Gaussian Process Regression

J Dorsey

Roadmap

  • The problem: Non-parametric curve-fitting
  • A Bayesian solution
  • Gaussian Processes
  • Why Gaussians?
  • Sampling from Gaussian processes
  • Inference
  • Hyperparameter learning
  • Applications
  • Further Resources

The Problem

plot of chunk unnamed-chunk-1

  • Infer / learn a scalar-valued function of vectors, without assuming a parametric form
  • For this talk we will just use a scalar-valued function of scalars
  • We also want a measure of uncertainty

Bayesian Approach

  • If we have a parametric family of functions and a sensible prior over the parameters, then Bayes theorem (the rules of probability) can take over and give us reasonable estimates with uncertainty accounted for
  • How can we apply Bayesian techniques in a non-parametric setting?
  • When there are no parameters, what do we put a prior on?
  • The whole function!

Gaussian Process prior

  • How do we get a prior over functions? (infinite dimensional space)
  • Consider each individual y value a Gaussian random variable.
  • Think of the whole function as just like one really long vector.
  • An infinite collection of Gaussian variables like this is called a Gaussian process.
  • Just as a finite-dimensional multivariate Gaussian is specified by a mean vector and a covariance matrix, an infinite dimensional Gaussian process is specified by a mean function and a covariance function.

Why Gaussians?

  • We're really good at integrating Gaussians
  • That means we can easily perform marginalization and conditioning
  • And Gaussians are so nice that when we do that we get back another Gaussian

Example Covariance Functions

plot of chunk unnamed-chunk-2

  • Most common covariance function is called “Squared exponential” (really should be “exponentiated square”) \[ K(x_1, x_2) = \sigma_f \text{exp}\left( \frac{(x_1 - x_2) ^ 2}{2 l ^ 2} \right) \]
  • Brownian motion / Wiener process \[ K(x_1, x_2) = \text{min}(x_1, x_2) \]

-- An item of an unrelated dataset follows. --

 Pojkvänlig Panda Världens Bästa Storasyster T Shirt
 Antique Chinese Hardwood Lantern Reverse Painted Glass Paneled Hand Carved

  • “Deep” kernels constructed via limiting arguments to mimic deep nets

How Did I Make Those Graphs?

  • I.e. how can we sample an infinite-dimensional object?
  • We can't! But we don't have to.
  • We only ever need to know the function at finitely many inputs
  • On any finite set of inputs, the function values are a finite-dimensional multivariate Gaussian
  • (In fact, this is basically the technical definition of a Gaussian process)
  • Plug in the inputs into the mean and covariance function to get a mean vector and covariance matrix
  • To make those graphs, I just specified a grid of x values and sampled from a high-dimensional Gaussian

Inference

  • For fixed hyperparameters (length scale, function amplitude), inference can be done exactly
  • Group all the training data (function value known) and testing data (function value unknown, prediction wanted) into one input set
  • Then the values of the function on that set is a finite-dimensional Gaussian
  • Condition on the training data using good old-fashioned matrix algebra
  • The resulting conditional distribution over the test set will again be multivariate Gaussian, with some mean vector and covariance matrix

Inference

  • The Bayes estimator for any symmetric loss is the mean vector. The covariance matrix gives error estimates
  • To handle noisy observations, add a constant \( \sigma_n \) to the diagonal of covariance matrix for training data
  • You can add different constants if you know that some observations are more precise than others
  • The main cost of inference is inverting the \( n \times n \) training data covariance matrix which is \( \mathcal{O}(n^3) \)
  • Once that matrix has been inverted, further predictions are less costly

Inference Pictures

plot of chunk unnamed-chunk-3

plot of chunk unnamed-chunk-4

Inference Pictures

plot of chunk unnamed-chunk-5

plot of chunk unnamed-chunk-6

Inference Pictures

plot of chunk unnamed-chunk-7

plot of chunk unnamed-chunk-8

Inference Pictures

plot of chunk unnamed-chunk-9

plot of chunk unnamed-chunk-10

Inference Pictures

plot of chunk unnamed-chunk-11

plot of chunk unnamed-chunk-12

Inference Pictures

plot of chunk unnamed-chunk-13

plot of chunk unnamed-chunk-14

How to Handle Hyperparameters

  • If you can afford it, full Bayes is best (MCMC)
  • I want to talk about Type II maximum likelihood
  • If we want to compare models in the presence of data, Bayes says: \[ P(M|D) = \frac{P(D|M)P(M)}{P(D)} \] where \[ P(D|M) = \int P(D|\theta, M)P(\theta | M) d\theta \]
  • So if we have no reason to prefer model 1 over model 2 then: \[ \frac{P(M_1|D)}{P(M_2|D)} = \frac{P(D|M_1) (1/2)}{P(D)} \frac{P(D)}{P(D|M_2)(1/2)} = \frac{P(D|M_1)}{P(D|M_2)} \]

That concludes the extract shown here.